A política atlântica de Portugal, tendo como objecto a relação com os PALOP e o Brasil nunca aconteceu em pleno. Temos uma política onde a medo, carregados de preconceitos, não defendemos os nossos investidores e os nossos investimentos. Portugal não prepara produtos para o Brasil, não consegue divulgar sua cultura e ciência e não é o maior produtor de talentos científicos, culturais e musicais africanos, nem aqui residem os seus ídolos, que preferem Paris. Lisboa é um lugar de encanto, um ideal de mudança para muitos africanos e brasileiros mas depois não recebe os seus melhores filhos nem cria políticas de descriminação positiva para as Universidades. A prioridade está na justiça africana, no reforço dos países com opção democrática e na ingerência e na descriminação dos que optam por caminhos de roubo e totalitarismo. O caminho é a qualificação dos quadros africanos, ser a porta de entrada para os melhores produtos brasileiros na Europa e em África. Portugal tem de estar nas telecomunicações dos Palop, tem de ser parceiro nas energias dos Palop, tem de ser criador de indústria e agricultura nos Palop. Portugal tem de estar em parceria com o Brasil na entrada dos seus melhores produtos nos Estados Unidos da América. E acima de tudo tem de garantir os seus investimentos, a saúde e a justiça dos seus cidadãos nesses países. Portugal deve pois ter uma política concertada para o apoio e o desenvolvimento dos PALOP que seja exemplar. A melhor imigração para África é aquela que a arrancar do atraso em que se encontram. A fome e a miséria endémica são uma determinação.

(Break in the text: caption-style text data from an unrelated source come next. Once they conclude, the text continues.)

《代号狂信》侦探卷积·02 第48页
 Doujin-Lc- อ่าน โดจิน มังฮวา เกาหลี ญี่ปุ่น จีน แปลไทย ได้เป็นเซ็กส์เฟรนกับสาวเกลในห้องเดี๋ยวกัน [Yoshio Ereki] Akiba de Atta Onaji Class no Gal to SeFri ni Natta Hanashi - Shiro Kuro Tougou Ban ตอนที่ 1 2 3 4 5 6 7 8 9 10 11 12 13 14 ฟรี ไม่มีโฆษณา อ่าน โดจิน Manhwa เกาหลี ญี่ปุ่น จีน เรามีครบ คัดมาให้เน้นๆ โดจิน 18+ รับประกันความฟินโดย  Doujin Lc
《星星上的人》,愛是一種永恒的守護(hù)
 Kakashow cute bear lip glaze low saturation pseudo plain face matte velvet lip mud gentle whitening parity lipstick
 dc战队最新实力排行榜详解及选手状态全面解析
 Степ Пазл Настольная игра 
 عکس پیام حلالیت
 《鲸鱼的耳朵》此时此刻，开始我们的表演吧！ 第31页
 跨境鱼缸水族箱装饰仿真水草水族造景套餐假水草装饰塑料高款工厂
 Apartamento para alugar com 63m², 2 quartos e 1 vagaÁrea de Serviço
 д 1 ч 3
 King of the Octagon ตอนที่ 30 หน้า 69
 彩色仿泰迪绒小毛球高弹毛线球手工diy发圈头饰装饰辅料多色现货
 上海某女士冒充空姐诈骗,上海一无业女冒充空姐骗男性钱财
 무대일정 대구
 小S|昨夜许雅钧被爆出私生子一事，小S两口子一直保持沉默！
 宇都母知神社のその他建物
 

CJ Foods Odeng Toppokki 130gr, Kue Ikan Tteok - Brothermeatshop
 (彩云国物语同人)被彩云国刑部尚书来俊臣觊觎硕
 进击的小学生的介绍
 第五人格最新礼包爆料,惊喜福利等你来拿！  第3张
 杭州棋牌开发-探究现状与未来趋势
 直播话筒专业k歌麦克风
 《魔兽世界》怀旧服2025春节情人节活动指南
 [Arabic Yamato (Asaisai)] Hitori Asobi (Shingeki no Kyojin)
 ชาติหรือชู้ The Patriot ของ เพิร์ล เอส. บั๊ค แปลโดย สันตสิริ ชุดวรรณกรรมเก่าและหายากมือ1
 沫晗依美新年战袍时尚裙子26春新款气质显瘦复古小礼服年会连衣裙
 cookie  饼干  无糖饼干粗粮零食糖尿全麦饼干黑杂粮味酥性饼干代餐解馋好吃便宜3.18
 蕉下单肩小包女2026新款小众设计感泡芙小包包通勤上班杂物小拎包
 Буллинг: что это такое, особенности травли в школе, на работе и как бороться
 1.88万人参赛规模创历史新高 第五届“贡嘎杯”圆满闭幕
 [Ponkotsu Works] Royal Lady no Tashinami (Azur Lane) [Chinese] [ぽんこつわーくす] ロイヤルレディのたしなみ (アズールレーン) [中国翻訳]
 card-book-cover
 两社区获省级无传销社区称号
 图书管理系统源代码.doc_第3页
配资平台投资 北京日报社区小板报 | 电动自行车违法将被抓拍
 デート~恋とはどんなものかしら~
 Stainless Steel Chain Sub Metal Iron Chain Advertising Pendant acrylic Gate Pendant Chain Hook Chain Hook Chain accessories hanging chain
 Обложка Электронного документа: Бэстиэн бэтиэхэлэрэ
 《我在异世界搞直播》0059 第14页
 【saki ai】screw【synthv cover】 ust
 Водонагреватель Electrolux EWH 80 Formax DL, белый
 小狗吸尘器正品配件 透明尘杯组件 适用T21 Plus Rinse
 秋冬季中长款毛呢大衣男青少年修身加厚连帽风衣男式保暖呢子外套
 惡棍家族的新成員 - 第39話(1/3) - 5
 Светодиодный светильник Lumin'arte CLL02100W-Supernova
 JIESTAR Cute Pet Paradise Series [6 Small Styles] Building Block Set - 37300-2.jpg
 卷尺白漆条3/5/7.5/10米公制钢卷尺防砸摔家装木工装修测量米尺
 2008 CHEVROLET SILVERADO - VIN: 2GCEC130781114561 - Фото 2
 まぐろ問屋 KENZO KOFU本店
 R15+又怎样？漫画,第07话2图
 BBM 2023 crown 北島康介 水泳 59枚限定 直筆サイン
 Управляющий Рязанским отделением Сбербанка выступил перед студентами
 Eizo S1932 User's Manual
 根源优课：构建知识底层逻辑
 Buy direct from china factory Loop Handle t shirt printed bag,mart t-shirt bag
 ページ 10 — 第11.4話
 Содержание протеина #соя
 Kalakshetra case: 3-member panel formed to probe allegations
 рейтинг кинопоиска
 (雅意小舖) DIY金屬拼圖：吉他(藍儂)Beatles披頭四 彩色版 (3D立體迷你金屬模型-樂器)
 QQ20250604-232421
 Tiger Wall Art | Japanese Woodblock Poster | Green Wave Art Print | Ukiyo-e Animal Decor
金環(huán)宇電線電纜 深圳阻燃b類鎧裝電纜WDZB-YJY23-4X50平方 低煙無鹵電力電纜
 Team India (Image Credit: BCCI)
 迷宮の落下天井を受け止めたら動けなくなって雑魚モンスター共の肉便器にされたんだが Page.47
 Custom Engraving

A indústria por vez dos serviços deve ser um caminho evolutivo. As grandes empresas de Portugal hoje são as criadoras de shoppings, de redes telefónicas, de hipermercados, nada que transforme ou produza riquezas a partir dos solos, das riquezas naturais. Aqui vendem-se milhões de telefones mas não se fabrica nada que se lhes refira. A indústria tem de ser incentivada e alguma dela deve ser do próprio Estado, como antes tivemos a Setenave e a Lisnave que não nos envergonham para além das más opções de gestão.

Um processo estruturante é a redução do Estado e dos poderes locais. Portugal em Regiões administrativas grandes, com políticas estruturadas e desenvolvidas em prol de um investimento racional, que diminui os custos de manutenção que não privilegia o isolamento nem a dispersão dos meios e que concentra o desenvolvimento em linhas de interesse colectivo e que baliza os seus custos e os seus investimentos. A redução das instituições de poder local tem de estar a par da diminuição do número de parlamentares e do número de lugares de administração com vínculo.

Assim se dão alguns exemplos de um processo estratégico que nos obriga a pensar a Guarda junto com Belmonte e a Covilhã. Assim se percebe a Saúde inserida na região e o ensino como uma linha orientadora. A indústria é também aqui um caminho, tal como neste grupo urbano tem de se pensar o turismo da Serra, os parques desportivos, as escolhas comerciais. Podia dizer, com risco de não errar que a 50 anos uma destas cidades vence e as outras se apagam.